TASK DESCRIPTION >>
Using the records below, return exactly the lines from the one containing "Grumpy Dwarf Saying Yeah Yeah GIF" through the last, and omit pictures.

Caption-style text data
_ _ _ _ _
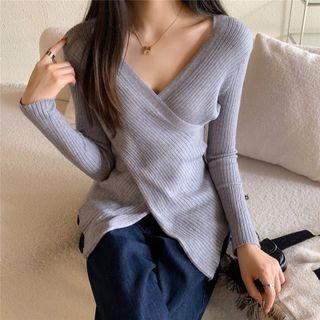 V-neck Asymmetrical Cross Knit Top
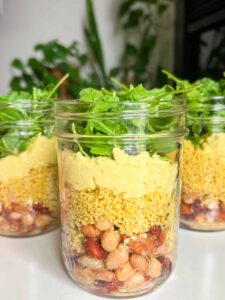 bean and couscous salad meal prep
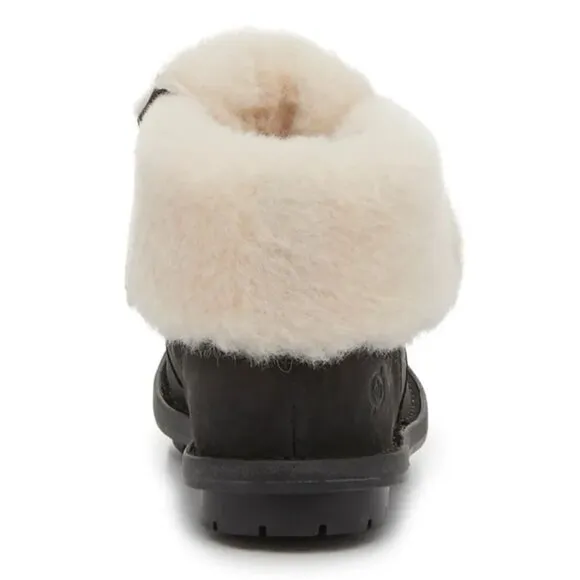 BORN Blaine Shearling Booties Boots Size 38 7 7.5 Black Leather Waterproof NEW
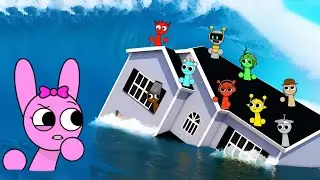 Sprunki Fun Bot & Pinki & Oren & Vineria Played Tsunami Survival Disaster in ROBLOX 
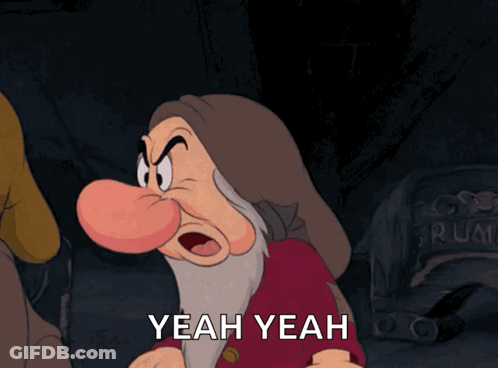 Grumpy Dwarf Saying Yeah Yeah GIF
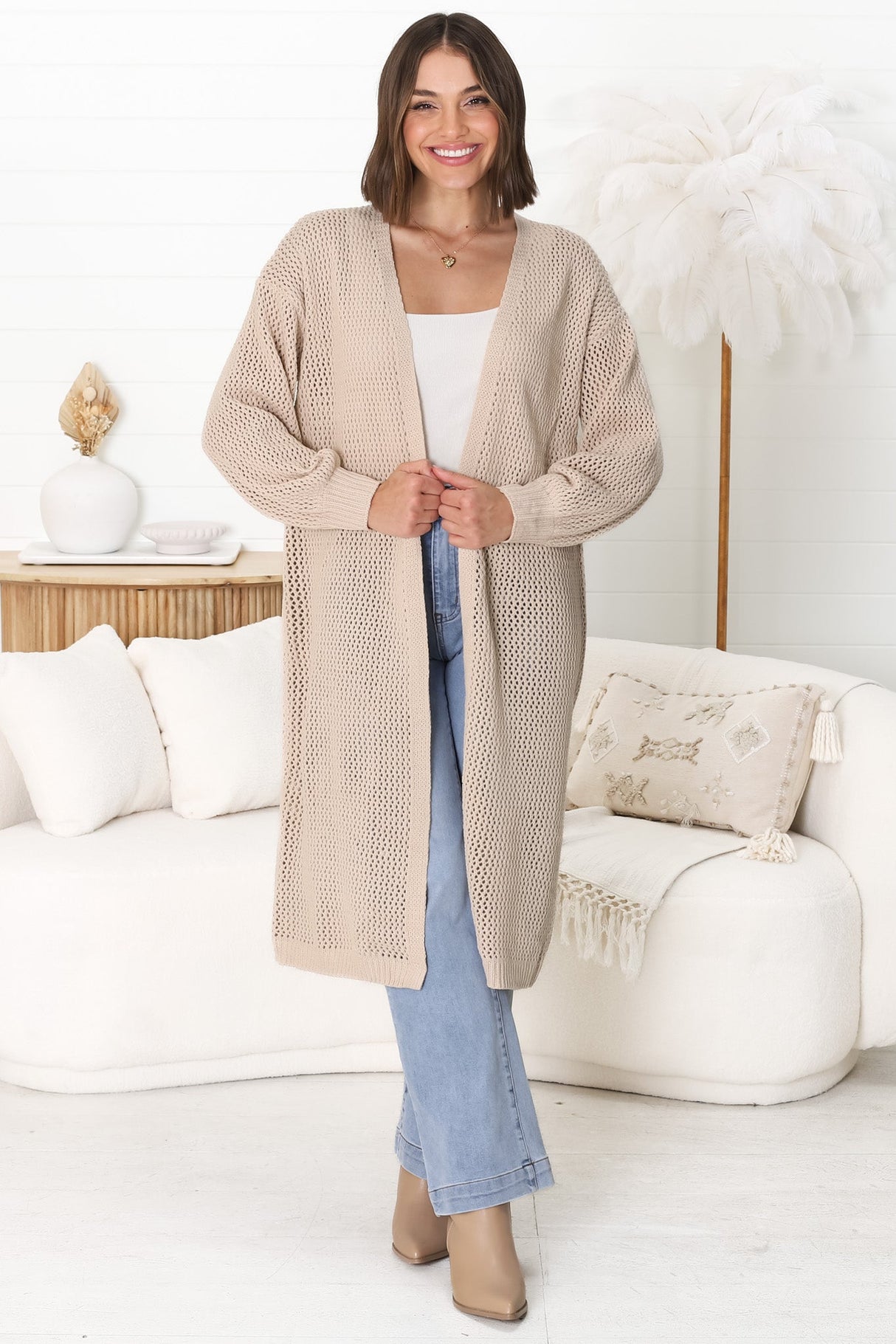 Melrose Cardigan - Longline Open Front Cardigan in Beige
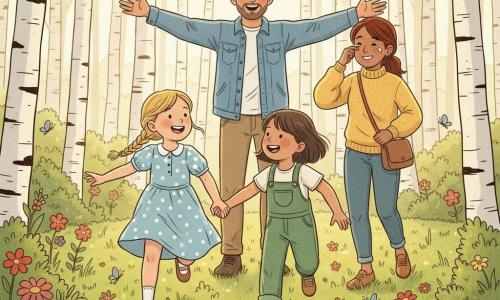 Vier personen in een zonnige berkenopen plek: links op de voorgrond Emma, ~9 jaar, blonde vlecht, blauwe jurk met witte stippen, rent stralend hand in hand met Sophie, ~9 jaar, bruin haar carré, groene tuinbroek, die naar haar lacht; achteraan in het midden staat Emma’s vader, ~40 jaar, korte baard, spijkerjack, armen wijd en opgelucht blij, naast hem iets naar rechts Sophie’s moeder, ~38 jaar, kastanjebruin opgestoken haar, warme gele trui, veegt een gelukstraan en draagt een kleine tas; groene zachte grasmat met felgekleurde bloemen, zonnestralen door de takken, vlinders en een met mos bedekt boomstronkje op de voorgrond, scène van een hartverwarmende hereniging.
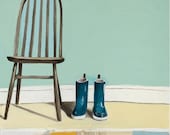 Brown Chair and Wellies // Art Print 8x10 // Friends by Michele Maule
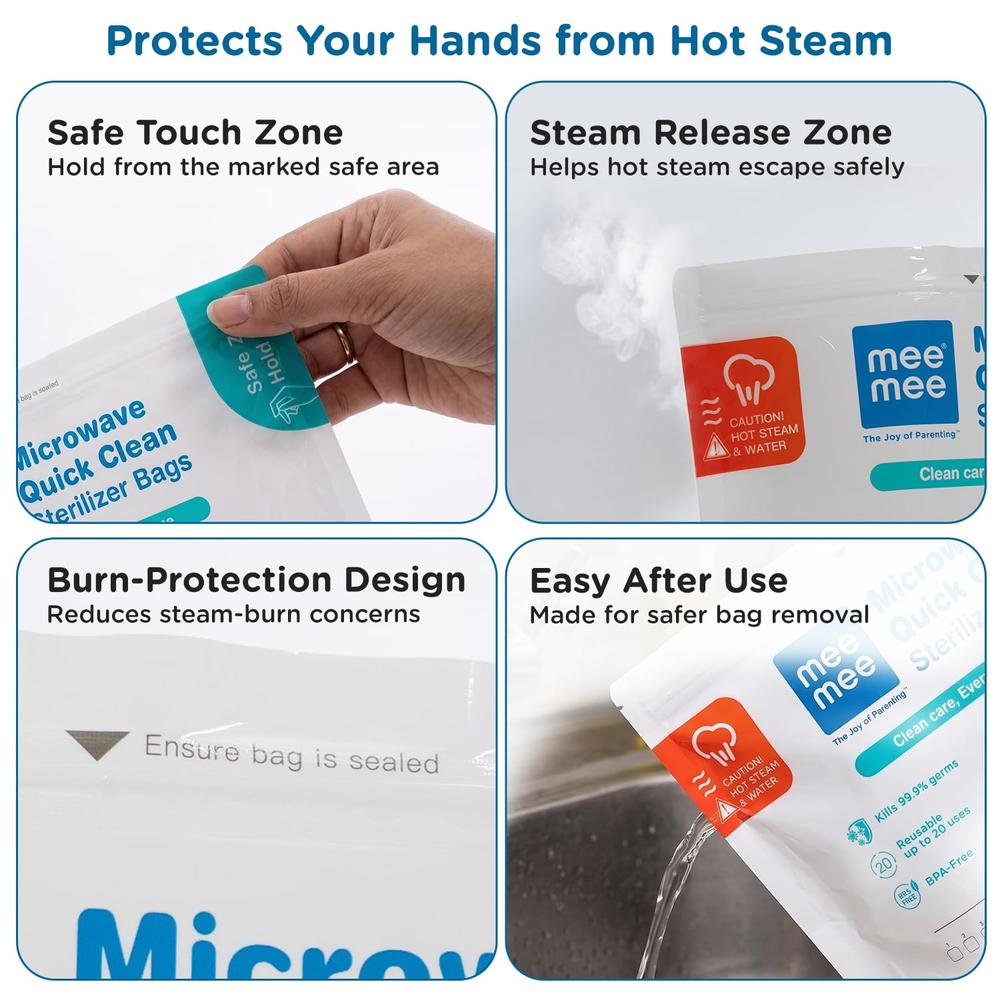 Mee Mee Microwave Quick Clean Sterilizer Bags | Pack of 10 | BPA-Free Baby Feeding Accessory Sterilization Bags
_ _ _ _ _
RESPONSE TO THIS TASK >>
 Grumpy Dwarf Saying Yeah Yeah GIF
 Melrose Cardigan - Longline Open Front Cardigan in Beige
 Vier personen in een zonnige berkenopen plek: links op de voorgrond Emma, ~9 jaar, blonde vlecht, blauwe jurk met witte stippen, rent stralend hand in hand met Sophie, ~9 jaar, bruin haar carré, groene tuinbroek, die naar haar lacht; achteraan in het midden staat Emma’s vader, ~40 jaar, korte baard, spijkerjack, armen wijd en opgelucht blij, naast hem iets naar rechts Sophie’s moeder, ~38 jaar, kastanjebruin opgestoken haar, warme gele trui, veegt een gelukstraan en draagt een kleine tas; groene zachte grasmat met felgekleurde bloemen, zonnestralen door de takken, vlinders en een met mos bedekt boomstronkje op de voorgrond, scène van een hartverwarmende hereniging.
 Brown Chair and Wellies // Art Print 8x10 // Friends by Michele Maule
 Mee Mee Microwave Quick Clean Sterilizer Bags | Pack of 10 | BPA-Free Baby Feeding Accessory Sterilization Bags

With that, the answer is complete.